30 August 2008, Andrew Clements, The Guardian
Review (en)
Edinburgh festival: I Went to the House But Did Not Enter
Heiner Goebbels' new theatre piece, the fifth of his stage shows to have been seen in Edinburgh since 1997 but the first to be premiered there, seems more direct, and more introspective, than any that have come before. Those expecting the visual sleight of hand and beguiling beauty of works such as Hashirigaki and Eraritjaritjaka will be disappointed. But what they will get, in this piece conceived for the four singers of the Hilliard Ensemble, is a surprisingly personal exploration of the disappointments of middle age and fear of mortality that has its own quietly poetic, almost valedictory effect.
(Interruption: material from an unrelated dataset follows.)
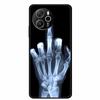 For Blackview Shark 8 6.78''Cases Animal Painted Soft TPU Silicone Back Cover for Black view Shark 8 4G Fashion TPU Phone Cases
Goebbels calls it a "staged concert in three tableaux", with each scene built around a different text in English. The first takes TS Eliot's The Love Song of J Alfred Prufrock as its starting point, and the last sets Beckett's late prose piece, Worstward Ho. The central panel brings together a mostly spoken passage by Maurice Blanchot with Franz Kafka's Der Ausflug ins Gebirge, which provides an almost jaunty sung coda to Blanchot's contemplation of futility and failure. For each panel, Goebbels and his designer, Klaus Grünberg, create a picture of lingering intensity and perfectly observed detail. The Hilliards become monochrome undertakers for Eliot's poem, stripping a dining room of its fixtures and fittings, and then just as methodically refurnishing it as a photo negative, with everything black becoming white and vice versa. For the Blanchot and Kafka there is a facade of a suburban house at night, with the singers seen at different windows, or working in their garage, in a nocturne of quiet desperation. The last tableau brings the four together in a hotel room, watching a slide show of images of someone's (perhaps Goebbels' own?) childhood. It seems slender, but over the course of 90 minutes an immensely powerful atmosphere is created - of nostalgia mingled with regret, of opportunities missed, challenges ducked. Goebbels' music is spare, too, used only when absolutely essential, whether to heighten the mood of Eliot's great poem - a beautiful, a cappella setting, with every verbal stress and nuance perfectly caught - or to deliver Beckett's words like a metrical psalm, the voices in rhythmic unison throughout. The Hilliards bring it off immaculately; as with the whole show, there's not a detail misplaced.